Data records Block Start

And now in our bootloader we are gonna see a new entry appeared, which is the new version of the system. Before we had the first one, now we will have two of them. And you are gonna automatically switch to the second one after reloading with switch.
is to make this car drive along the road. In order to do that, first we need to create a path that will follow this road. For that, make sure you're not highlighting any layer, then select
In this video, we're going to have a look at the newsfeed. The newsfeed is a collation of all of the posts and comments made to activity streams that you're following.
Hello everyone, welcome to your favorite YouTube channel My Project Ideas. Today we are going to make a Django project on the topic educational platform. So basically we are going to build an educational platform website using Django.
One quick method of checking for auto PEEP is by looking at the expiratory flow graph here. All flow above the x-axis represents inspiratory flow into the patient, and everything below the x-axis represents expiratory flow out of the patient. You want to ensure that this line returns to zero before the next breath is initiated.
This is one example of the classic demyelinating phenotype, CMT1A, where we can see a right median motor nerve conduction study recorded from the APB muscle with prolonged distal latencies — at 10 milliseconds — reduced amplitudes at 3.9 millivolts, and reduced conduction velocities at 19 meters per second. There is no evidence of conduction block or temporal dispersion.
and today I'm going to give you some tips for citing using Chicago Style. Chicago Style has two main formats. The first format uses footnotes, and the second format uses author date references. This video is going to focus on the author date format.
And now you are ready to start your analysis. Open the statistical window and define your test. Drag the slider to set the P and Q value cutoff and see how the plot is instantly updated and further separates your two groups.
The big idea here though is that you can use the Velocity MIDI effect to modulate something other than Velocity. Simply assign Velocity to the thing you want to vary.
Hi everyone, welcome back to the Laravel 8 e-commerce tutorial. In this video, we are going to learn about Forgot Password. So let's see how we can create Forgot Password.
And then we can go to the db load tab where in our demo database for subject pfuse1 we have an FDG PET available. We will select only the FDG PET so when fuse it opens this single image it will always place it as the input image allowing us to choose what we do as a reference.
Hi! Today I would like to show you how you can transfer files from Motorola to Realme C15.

Data records Block End

▸ What is required: All lines from the one with "The big idea" to the end of the entries above are to be written out exactly, the first and last included.

▸ Exercise result:
The big idea here though is that you can use the Velocity MIDI effect to modulate something other than Velocity. Simply assign Velocity to the thing you want to vary.
Hi everyone, welcome back to the Laravel 8 e-commerce tutorial. In this video, we are going to learn about Forgot Password. So let's see how we can create Forgot Password.
And then we can go to the db load tab where in our demo database for subject pfuse1 we have an FDG PET available. We will select only the FDG PET so when fuse it opens this single image it will always place it as the input image allowing us to choose what we do as a reference.
Hi! Today I would like to show you how you can transfer files from Motorola to Realme C15.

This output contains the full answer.